=== Section Start ===

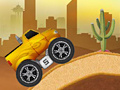 Гульня xTrucks 2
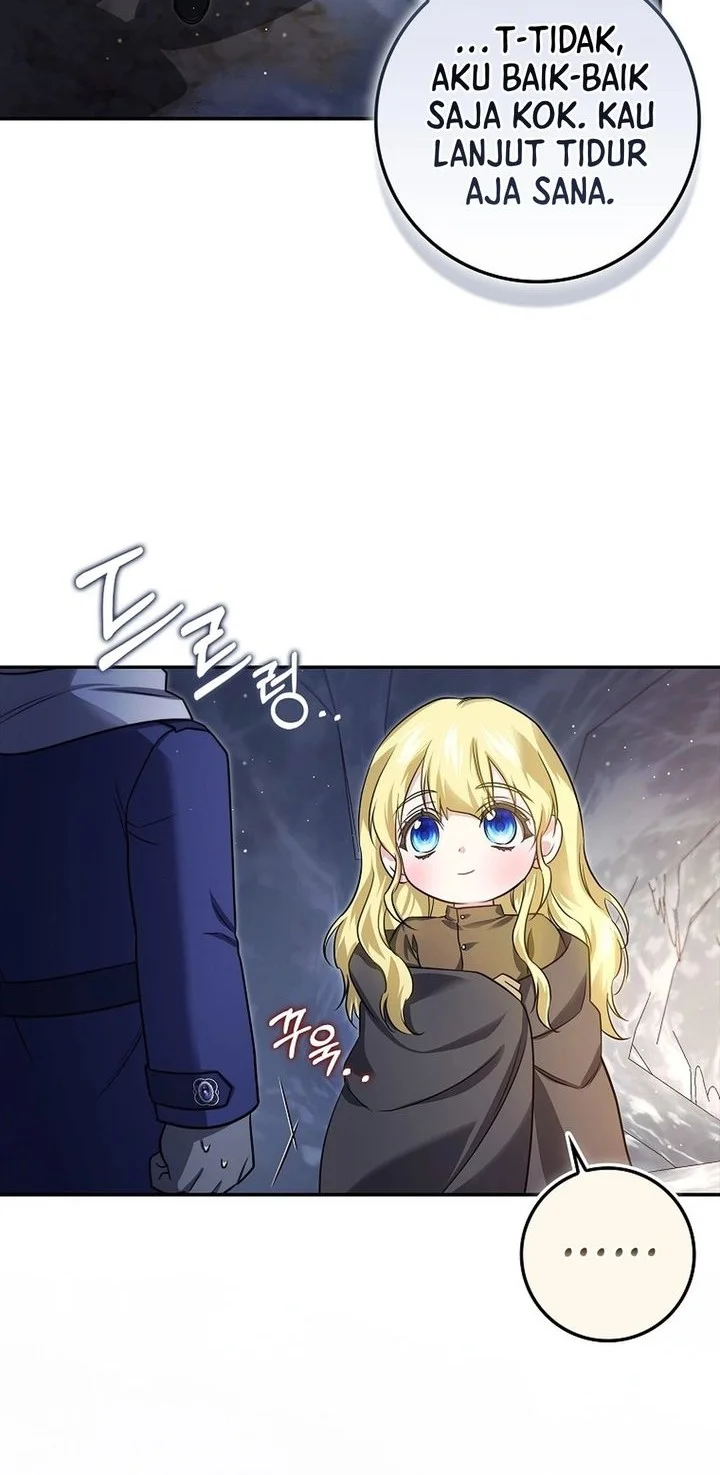 Chapter 22 - halaman 54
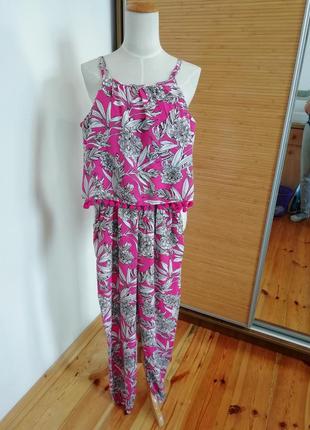 Комбінезон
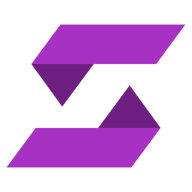 AI Scout logo
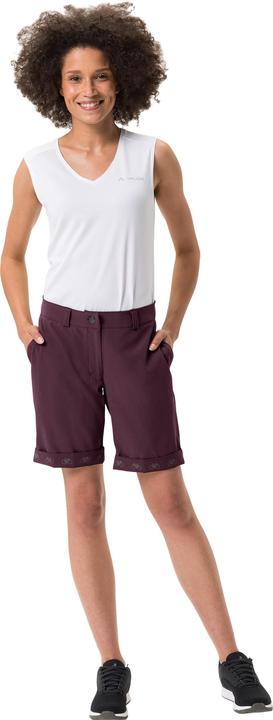 Actual product image Vaude Cyclist (M)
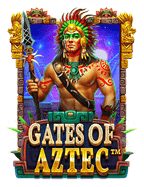 เล่น joker123 หน้า เว็บ: วิธีเล่นและเทคนิค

=== Section End ===

__TASK GOAL__: Lines from the one that holds "Actual product image Vaude Cyclist (M)" through the final line of the material are to be duplicated exactly; no pictures belong in the copy.

__REPLY__:
 Actual product image Vaude Cyclist (M)
 เล่น joker123 หน้า เว็บ: วิธีเล่นและเทคนิค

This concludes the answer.